- _How to complete this task_: For the data that follows, print the line with "Top view of", the line with "screwdriver lies on wooden boards", and all lines between them, exactly as they stand. Omit pictures and add nothing.

- _Task material_:

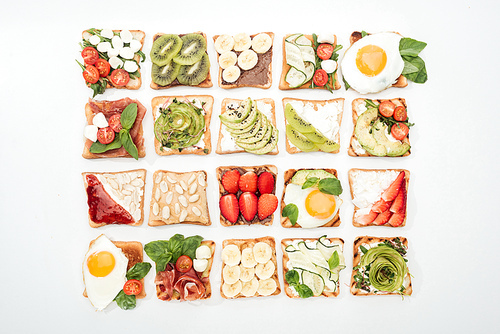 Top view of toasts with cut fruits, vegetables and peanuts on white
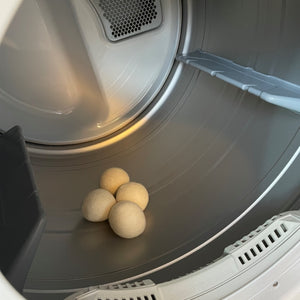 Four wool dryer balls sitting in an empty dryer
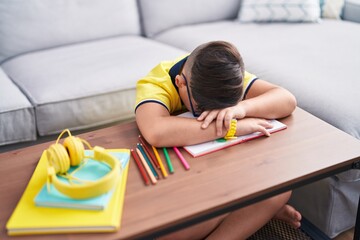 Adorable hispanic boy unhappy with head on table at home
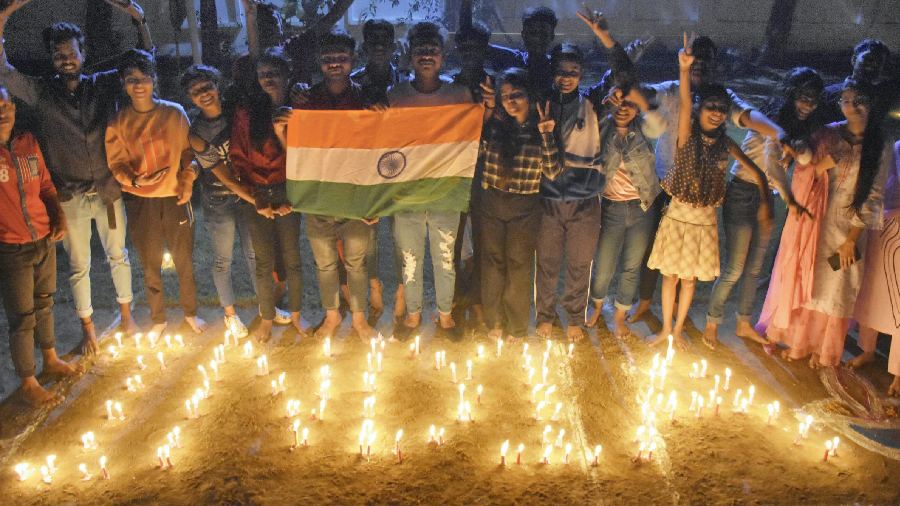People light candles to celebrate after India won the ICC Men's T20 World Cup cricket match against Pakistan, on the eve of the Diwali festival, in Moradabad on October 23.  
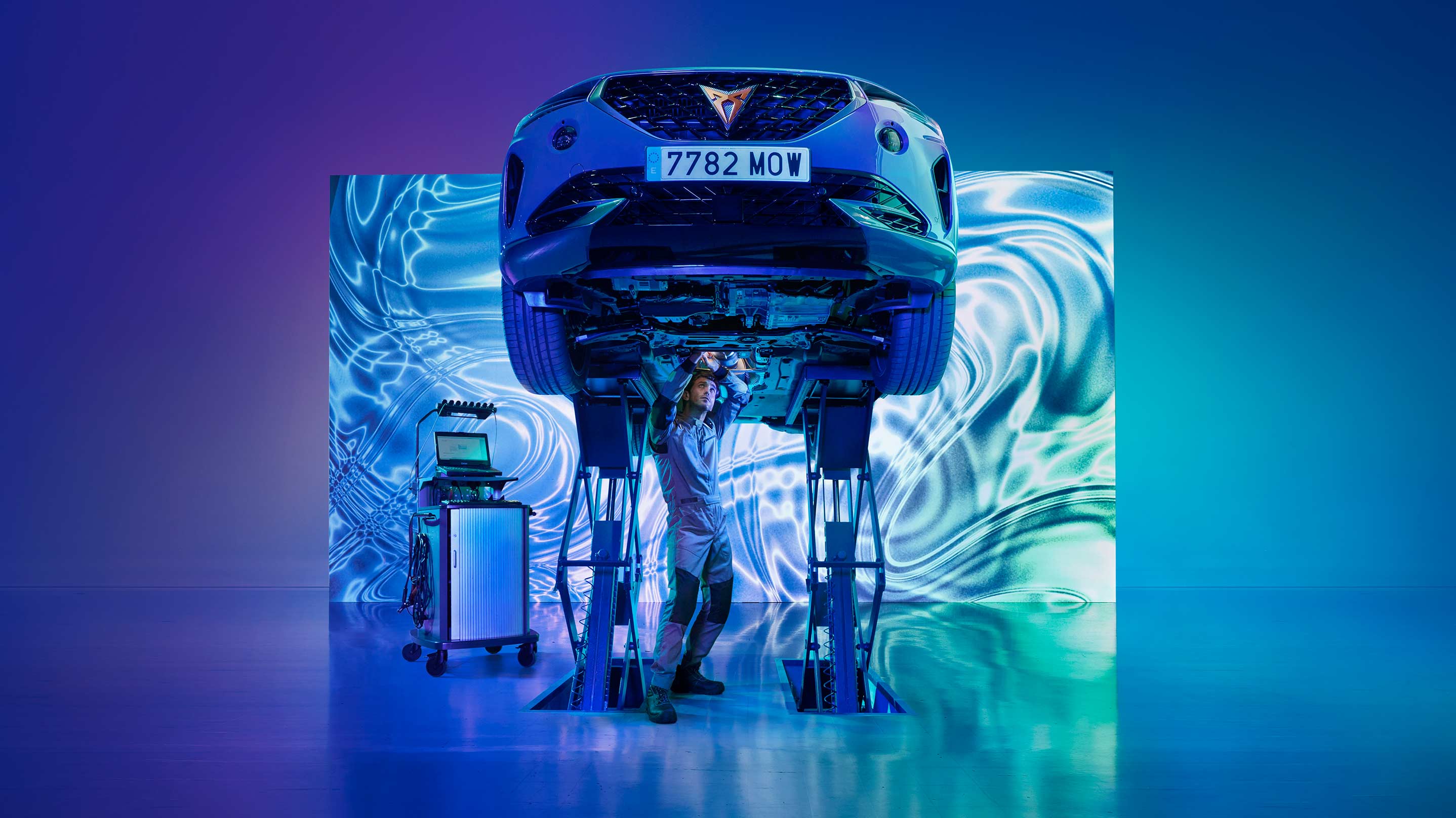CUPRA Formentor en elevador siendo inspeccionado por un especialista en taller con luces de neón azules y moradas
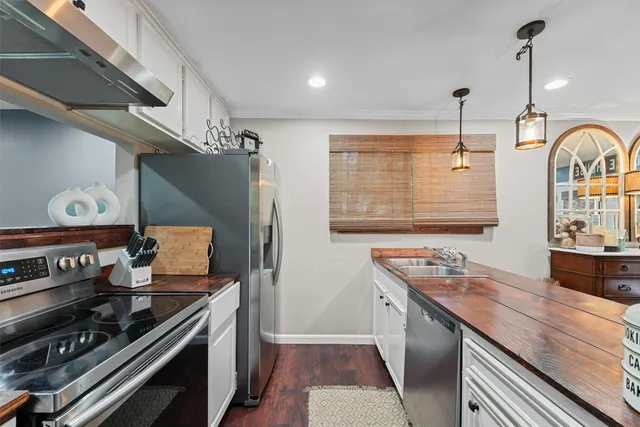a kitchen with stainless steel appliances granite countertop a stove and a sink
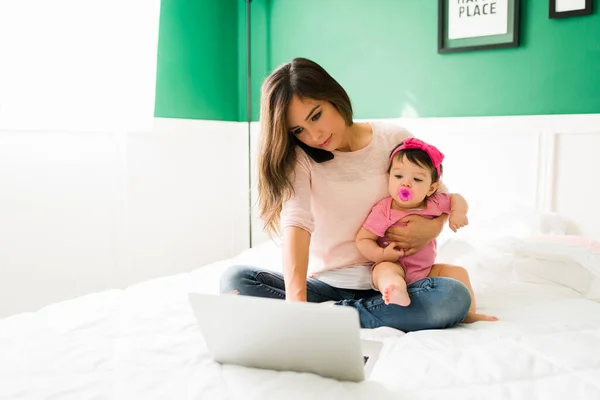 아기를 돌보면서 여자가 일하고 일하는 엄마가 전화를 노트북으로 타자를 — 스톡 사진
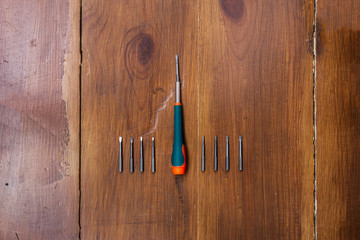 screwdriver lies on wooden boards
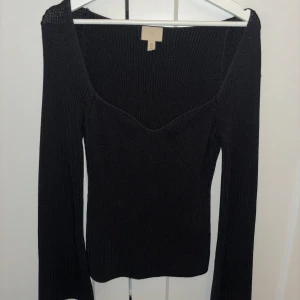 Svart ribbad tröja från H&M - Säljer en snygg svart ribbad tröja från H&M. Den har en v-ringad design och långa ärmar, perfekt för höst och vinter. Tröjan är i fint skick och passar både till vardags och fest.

==

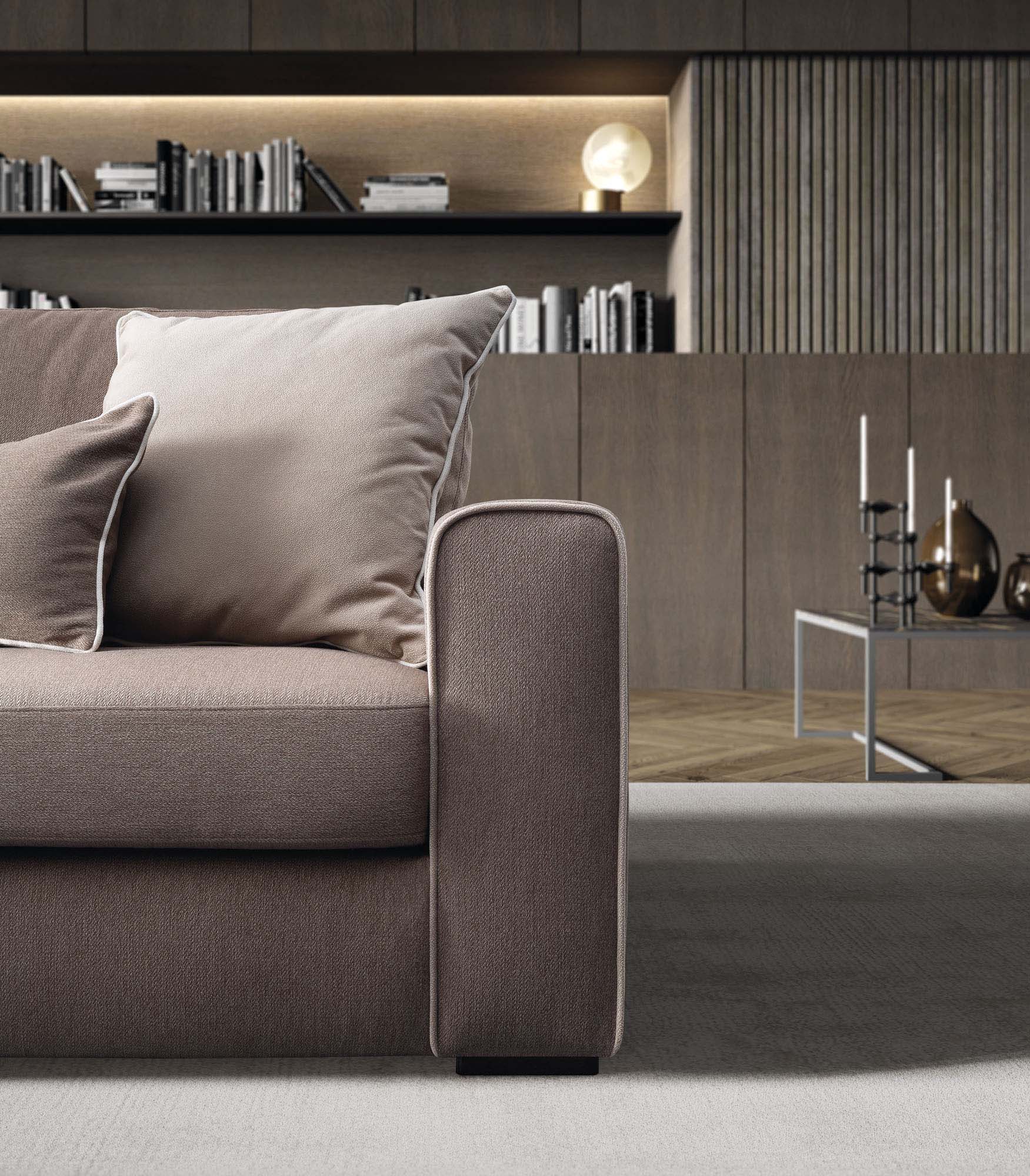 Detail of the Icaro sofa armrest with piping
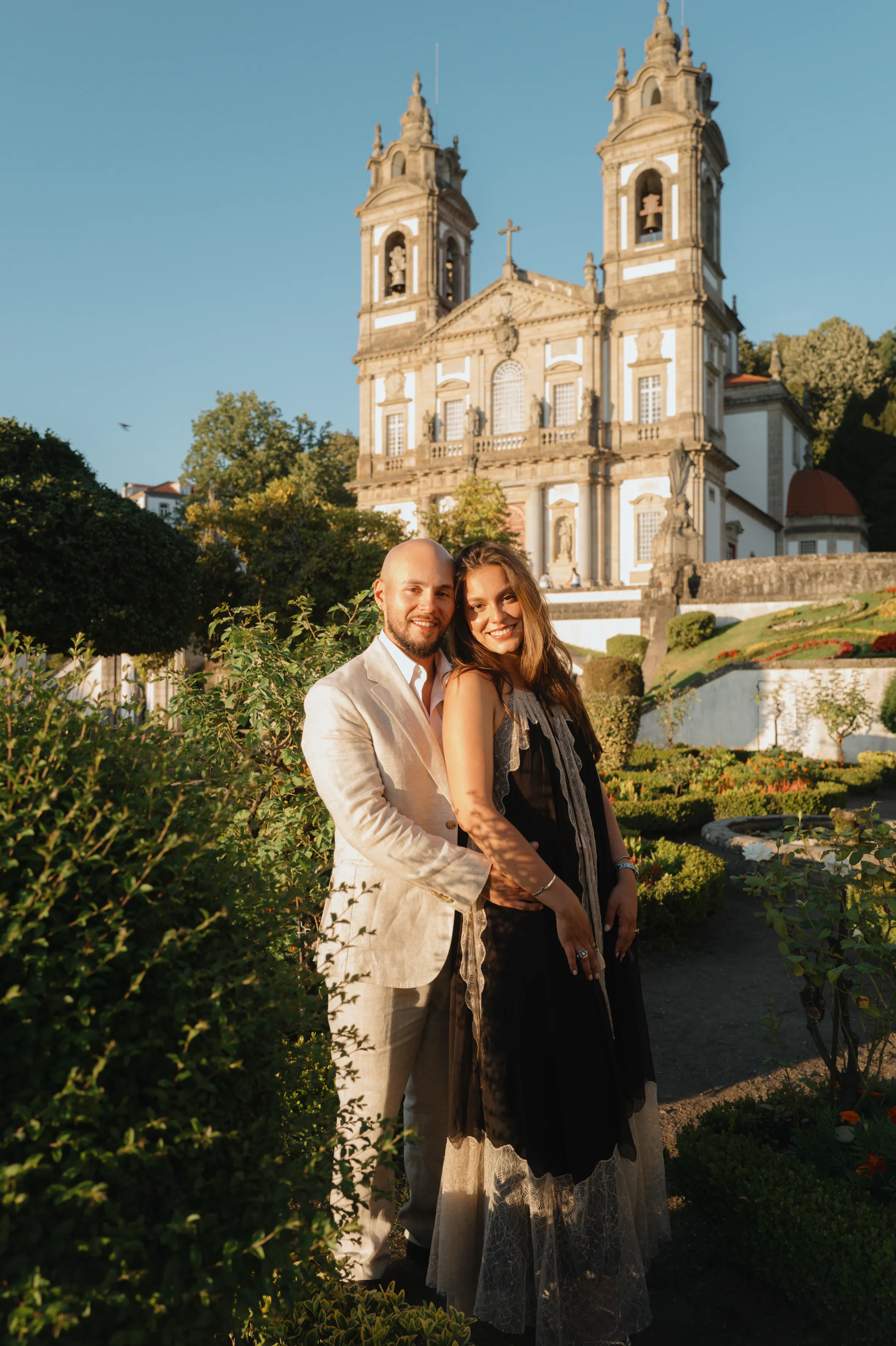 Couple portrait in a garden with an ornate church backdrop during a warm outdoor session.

--

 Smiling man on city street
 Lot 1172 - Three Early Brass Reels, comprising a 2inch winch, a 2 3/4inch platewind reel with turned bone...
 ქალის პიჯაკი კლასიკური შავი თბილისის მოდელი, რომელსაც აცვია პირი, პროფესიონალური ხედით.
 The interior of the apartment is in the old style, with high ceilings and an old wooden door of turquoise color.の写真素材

- _Task answer_:
 Top view of toasts with cut fruits, vegetables and peanuts on white
 Four wool dryer balls sitting in an empty dryer
 Adorable hispanic boy unhappy with head on table at home
People light candles to celebrate after India won the ICC Men's T20 World Cup cricket match against Pakistan, on the eve of the Diwali festival, in Moradabad on October 23.  
CUPRA Formentor en elevador siendo inspeccionado por un especialista en taller con luces de neón azules y moradas
a kitchen with stainless steel appliances granite countertop a stove and a sink
 아기를 돌보면서 여자가 일하고 일하는 엄마가 전화를 노트북으로 타자를 — 스톡 사진
 screwdriver lies on wooden boards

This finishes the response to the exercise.